We do not know when Saint Barsanuphius arrived at the monastery of Abba Seridus, nor anything about the home and family of Saint John the Prophet. Following the instructions of Saint Barsanuphius, John attained the heights of perfection, and became like his teacher in all things. Out of humility, he sent those who came to him with questions to Abba Barsanuphius.
Saint John foresaw and predicted many things, even his own death a week after the death of Abba Seridus. Abba Elian, the young igumen of this monastery, begged John to remain with him for two more weeks, in order to teach him the Rule and how to govern the monastery. Saint John fulfilled his request and died after two weeks.
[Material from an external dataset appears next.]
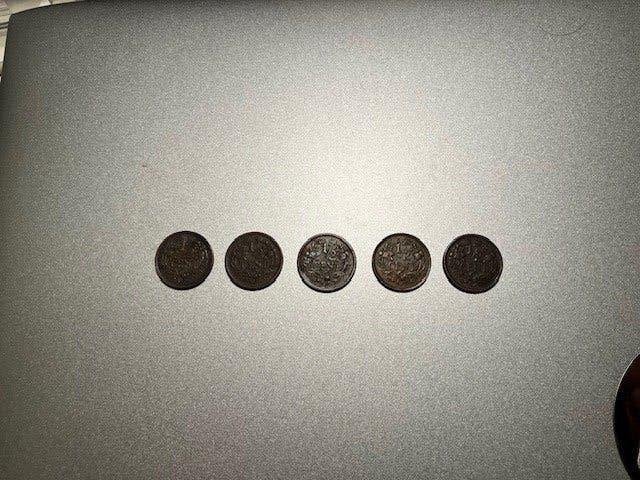Nederland, 5 halve centen, 1930, 1934, 1936, 1938, 1940, Ophalen of Verzenden, Koningin Wilhelmina, Overige waardes, Losse munt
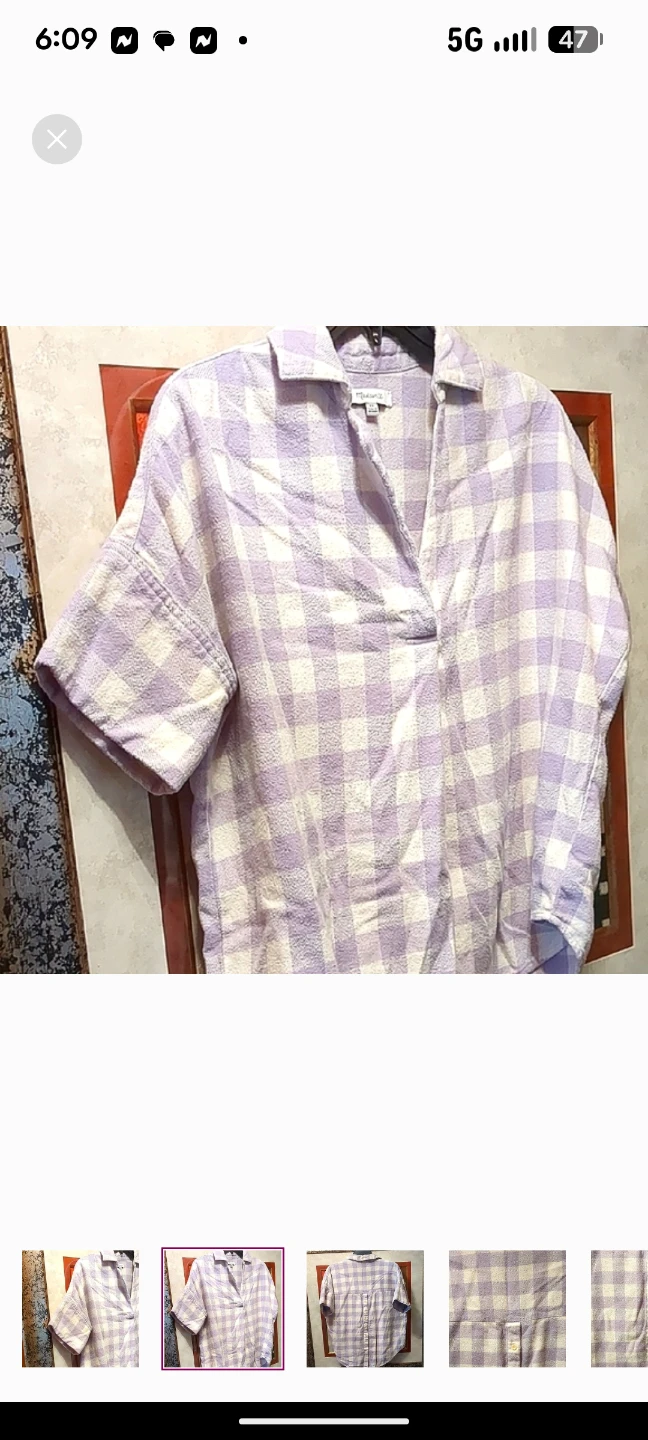 Madewell Purple and White Button Down Blouse - photo 4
Saint Barsanuphius the Great survived his disciple and friend, but after St. John's death embraced complete silence and refused to give answers to anyone. These two ascetics have left the soul-profiting book, GUIDANCE TOWARD SPIRITUAL LIFE: ANSWERS TO THE QUESTIONS OF DISCIPLES by the Holy Monastic Fathers Barsanuphius and John as their spiritual legacy. This book was known to many saints who lived at a later time, as evidenced by the wrings of Saint Theodore the Studite (November 11 and January 26), the hieromonk Nikon Chernogorets (+ 1060), Saint Simeon the New Theologian (March 12), and other Orthodox ascetics and writers.